* _Task objective_
The reply must consist of the lines from the first line of the records through the line containing "Photo 3 of Single", copied exactly, with every picture omitted.

::::::

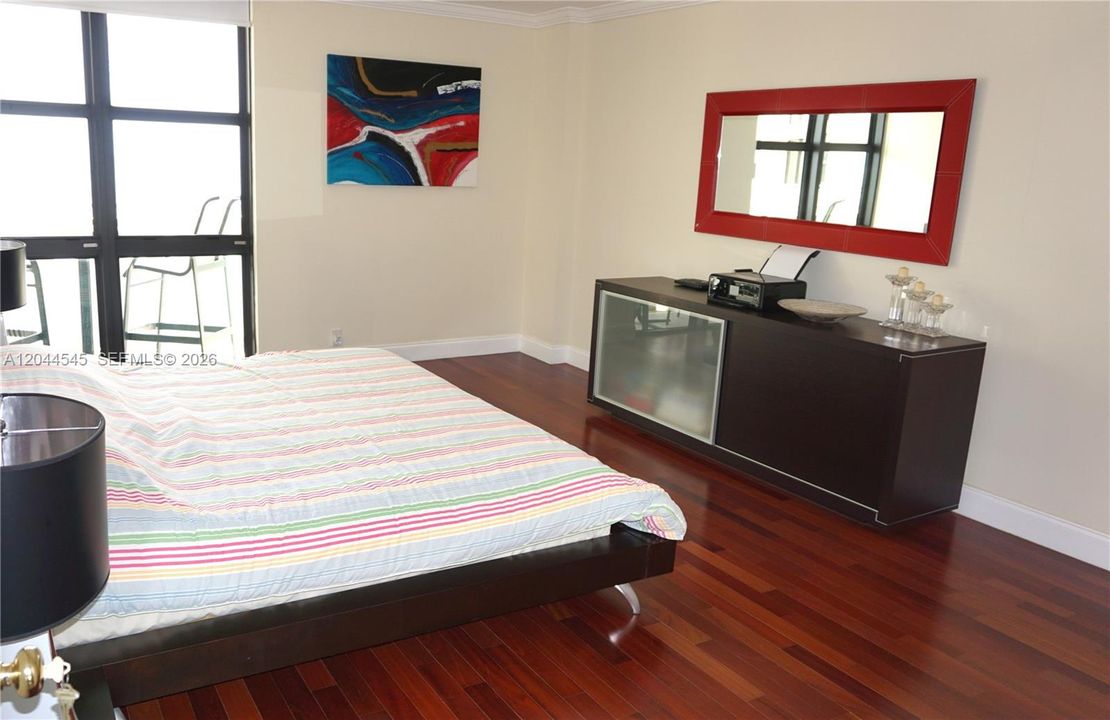 For Sale: $1,650,000 (2 beds, 2 baths, 1409 Square Feet)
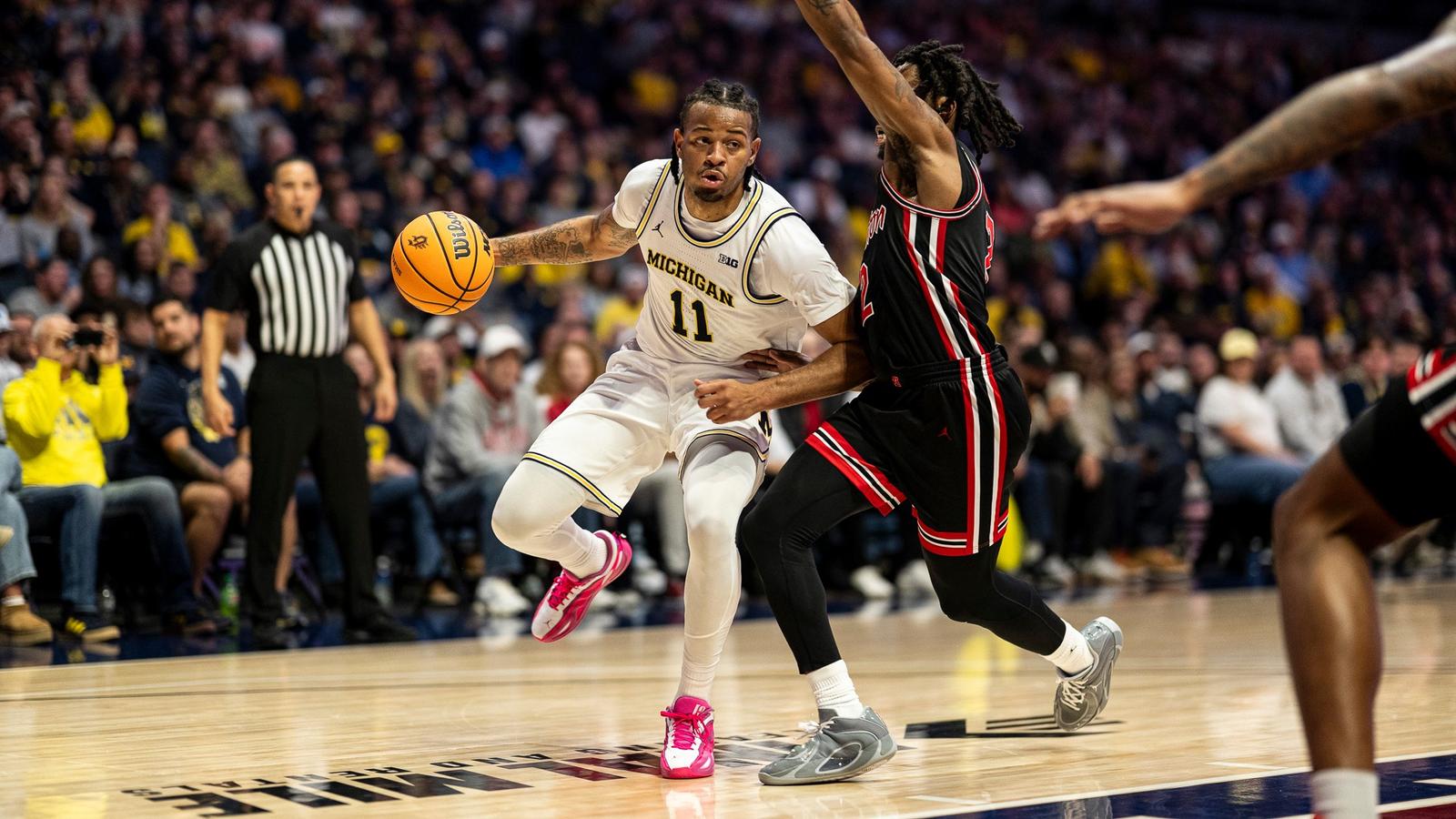 Michigan Falls to No. 10 Houston in Exhibition Finale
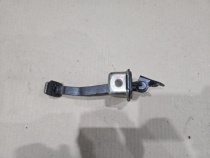 Ограничитель двери Kia Sportage QL 2015-2022 Задн. Лев.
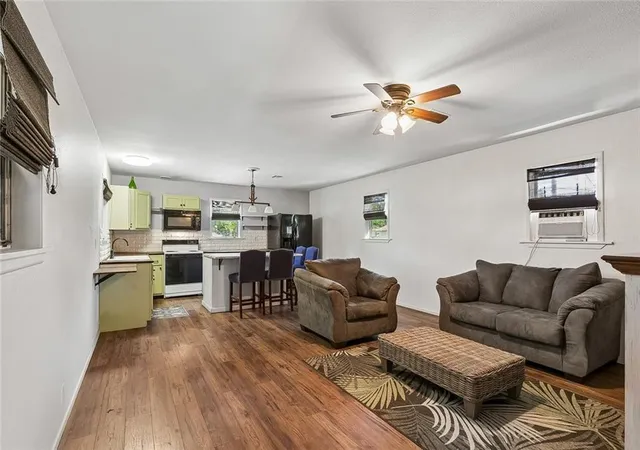 Photo 3 of Single family home for sale at 541 Matthew St, Lafitte, LA 70067 | MLS# 2551857 | Listing updated on 2026-09-30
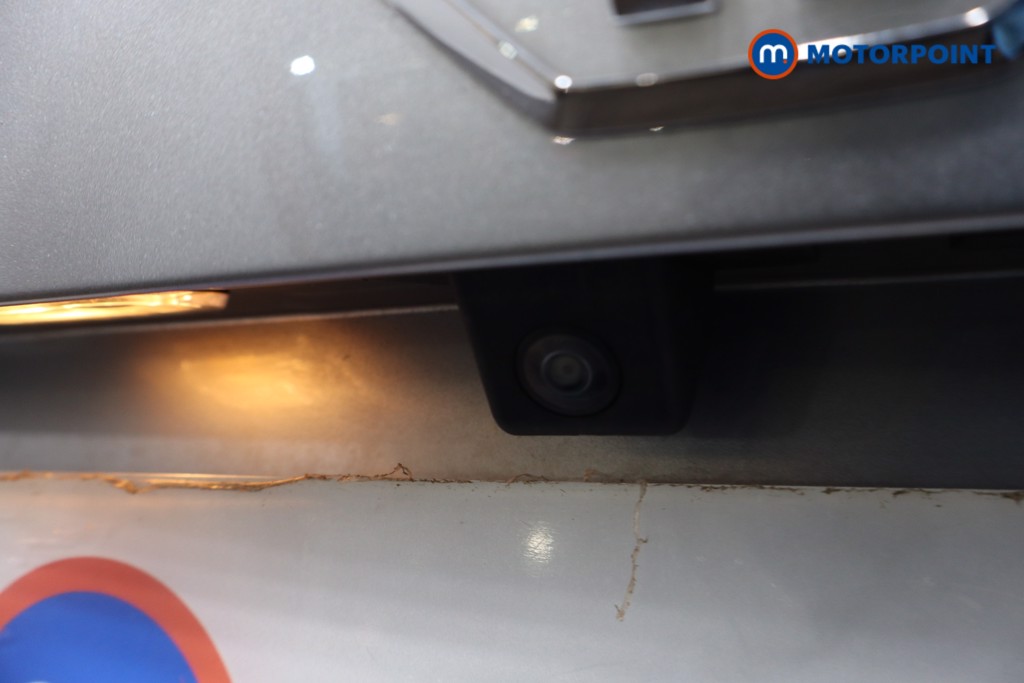 Mg Motor Uk ZS Trophy Automatic Petrol-Electric Hybrid SUV - Stock Number (1616846) - 37th supplementary image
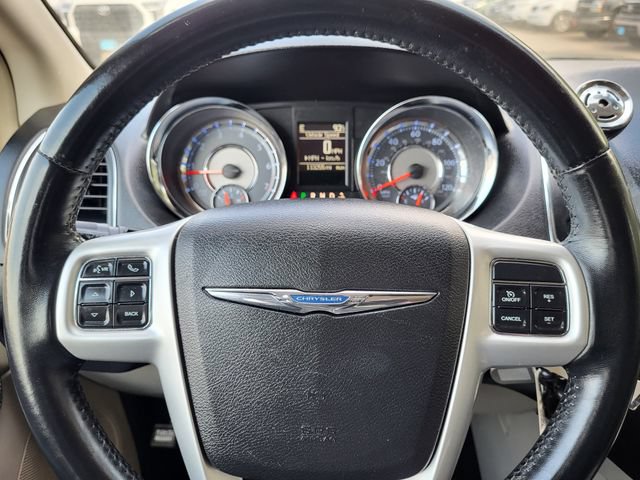 Used 2016 Chrysler Town & Country Touring FWD image 15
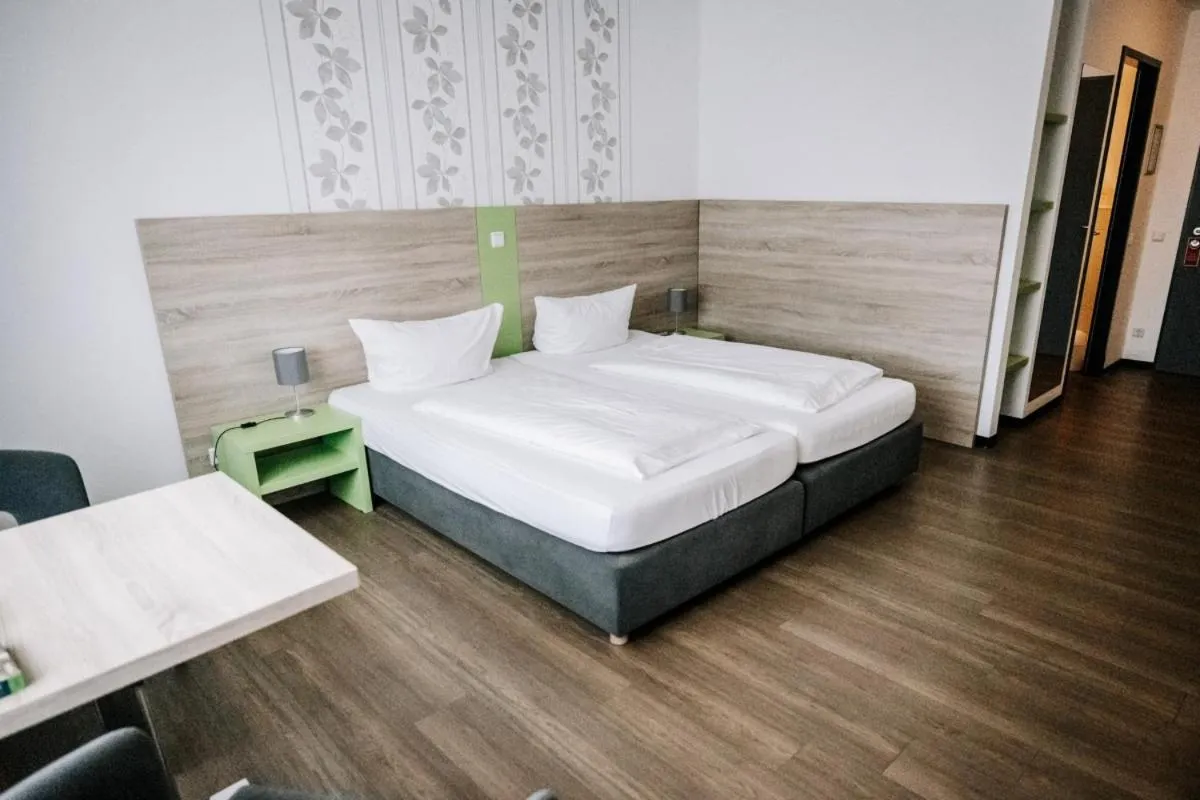 Photo of the whole room, Bed in Gut Gremmelin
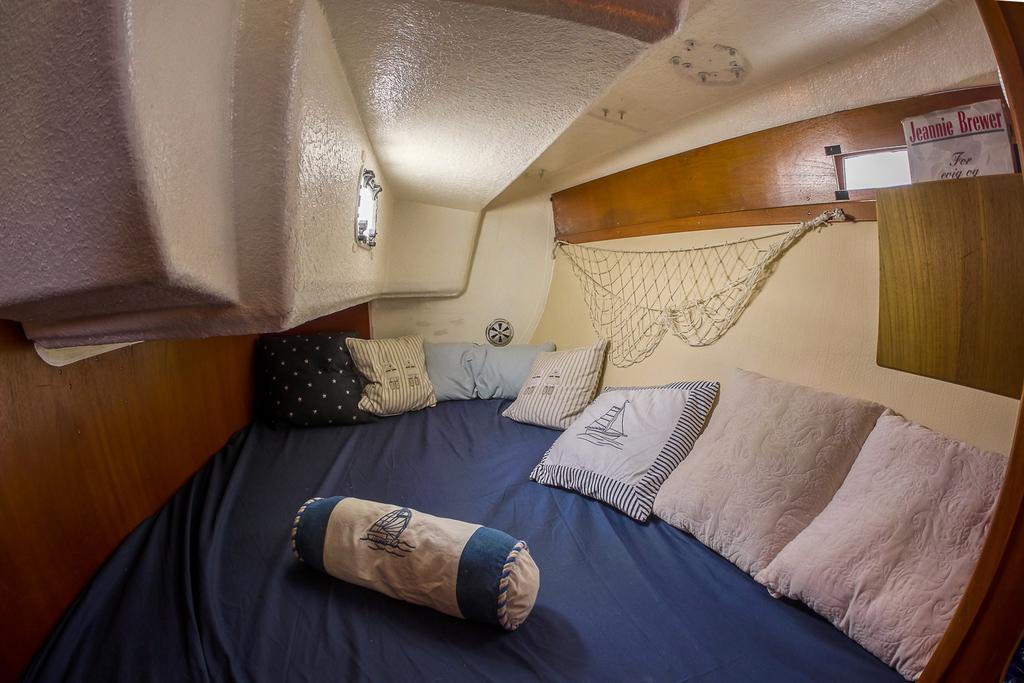 Отель Norwavey, Sleep In A Boat Krokelvdalen Экстерьер фото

::::::

* _Answer space_
 For Sale: $1,650,000 (2 beds, 2 baths, 1409 Square Feet)
 Michigan Falls to No. 10 Houston in Exhibition Finale
 Ограничитель двери Kia Sportage QL 2015-2022 Задн. Лев.
 Photo 3 of Single family home for sale at 541 Matthew St, Lafitte, LA 70067 | MLS# 2551857 | Listing updated on 2026-09-30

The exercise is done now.